Additional Liquidity Is Not A Solution

By Comstock Partners

"More than any other time in history mankind faces a crossroads. One path leads to despair and utter hopelessness, the other, to total extinction. Let us pray we have the wisdom to choose correctly."

——-Woody Allen

We begin this comment by warning that anything we say can be overtaken by swift-moving events, and may be moot by the time you read it. As everyone knows the EU is meeting today and tomorrow in what is being billed as a last-ditch effort to save the Euro Zone. It is, of course, impossible to come up with a lasting solution in two days after almost two years of a patchwork series of conferences that have spurred short market rallies followed by continued downturns. What has been happening this week is all about providing enough cover for the ECB, either alone or in combination with other financial institutions, to provide enough liquidity to satisfy the markets temporarily while a longer-term solution is being kicked down the road once again.

Prime Minister Sarkozy and Chancellor Merkel have proposed a plan to change the EU treaty forcing the 27 nations in the EU or, at least the 17 nations in the Euro Zone, to accept fiscal oversight of their national budgets from a higher authority in the EU. The plan would include automatic sanctions against nations violating the budget rules, meaning a transfer of sovereignty from national parliaments to an EU institution. Sarkozy warned that "The risk of explosion is looming if the decisions taken with Angela Merkel are not put into effect."
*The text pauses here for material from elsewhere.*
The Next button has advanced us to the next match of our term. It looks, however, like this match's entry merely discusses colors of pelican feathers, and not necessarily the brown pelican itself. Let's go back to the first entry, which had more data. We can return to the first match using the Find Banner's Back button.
The problem with the proposed solution is that it requires the approval from the parliaments of least every nation in the Euro Zone in addition to whatever non-Euro Zone members of the EU join in the plan. Complicating the process even more, some countries require national referendums. It is likely that there will be strong opposition to giving up national sovereignty to an unelected super-authority. Past treaty changes have taken years to accomplish and some have been rejected in referendums. If the process of treaty changes is extended, renewed panic in the markets will probably ensue. Moreover, to the extent that all of this works, the fiscal austerity imposed on the weaker nations will throw their economies into deep and prolonged recessions with ever soaring budget deficits.
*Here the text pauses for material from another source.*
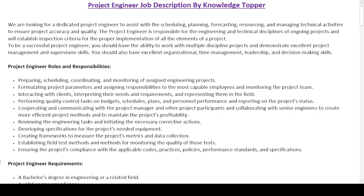As a project engineer, your roles and responsibilities include: preparing, scheduling, coordinating, and monitoring of assigned engineering projects; formulating project parameters and assigning responsibilities to the most capable employees and monitoring the project team; interacting with clients, interpreting their needs and requirements, and representing them in the field; performing quality control tasks on budgets, schedules, plans, and personnel performance, and reporting on the project's status; cooperating and communicating with the project manager and other project participants, and collaborating with senior engineers to create more efficient project methods and to maintain the project's profitability; reviewing engineering tasks and initiating necessary corrective actions; developing specifications for the project's needed equipment; creating frameworks to measure the project's metrics and data collection; establishing field test methods and methods for monitoring the quality of those tests; and ensuring the project's compliance with applicable codes, practices, policies, performance standards, and specifications.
In the negotiating process leading up to the meeting it is hard to tell how much the various parties are bluffing and how much they really mean what they say. Earlier in the week ECB head Mario Draghi said an agreement to bind governments on fiscal policy would be "the most important element to start restoring credibility" with financial markets. "Other elements may follow, but the sequencing matters." Various observers interpreted this statement as meaning that if fiscal reforms were seriously put on the table the ECB would start a massive sovereign bond buying operation. Today Draghi contradicted this view, saying that he was misunderstood; that the ECB was bound by the European Treaty and that it was up to the EFSF to intervene in the government bond markets. This could be just a negotiating ploy to extract the most fiscal reforms possible, or he could actually mean what he says, thereby ruling out any massive government bond purchases by the ECB. Draghi, however, did announce that the ECB would provide banks with unlimited cash for three years in order to ease the strains on the European financial system in the short-run.
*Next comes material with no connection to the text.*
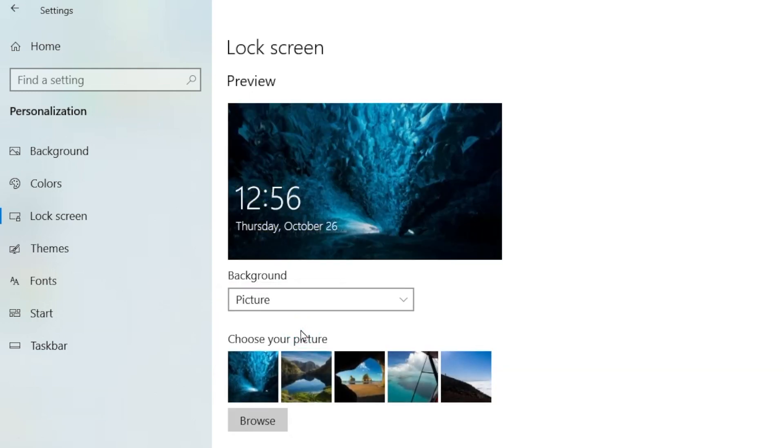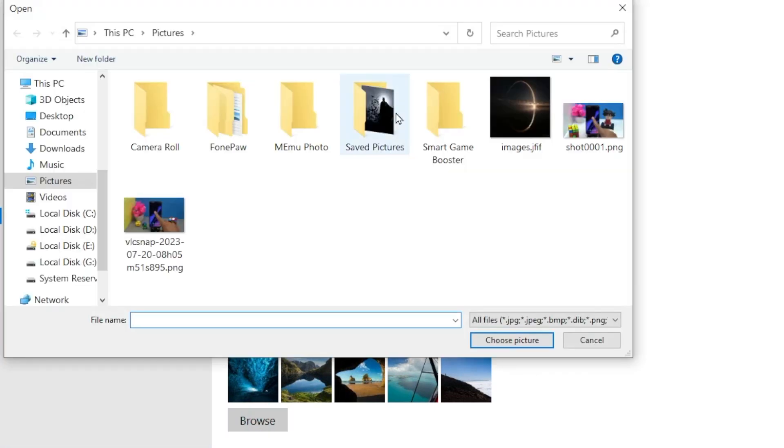Now choose your lock screen background. If you want to put another photo as background, click on Browse, choose your photo.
In sum, it seems clear that the next few days will not produce a long-term solution to the European debt crisis. However, the various nations and financial institutions realize the gravity of the situation, and it seems likely that they will make every effort to reassure the bond markets and stop interest rates from continuing to climb, at least temporarily. It therefore would not surprise us to see a combination of financial institutions inject massive doses of liquidity into the markets in an effort to buy some time. While markets profess not to like government interference, they do love liquidity, and another brief rally is quite possible. However, this treats the symptoms rather than the disease. A dose of liquidity does not cure insolvency, recessionary economies, massive budget deficits and huge debts. At best, this will be another case of kicking the can down the road. At worst—-we don’t even want to think about it.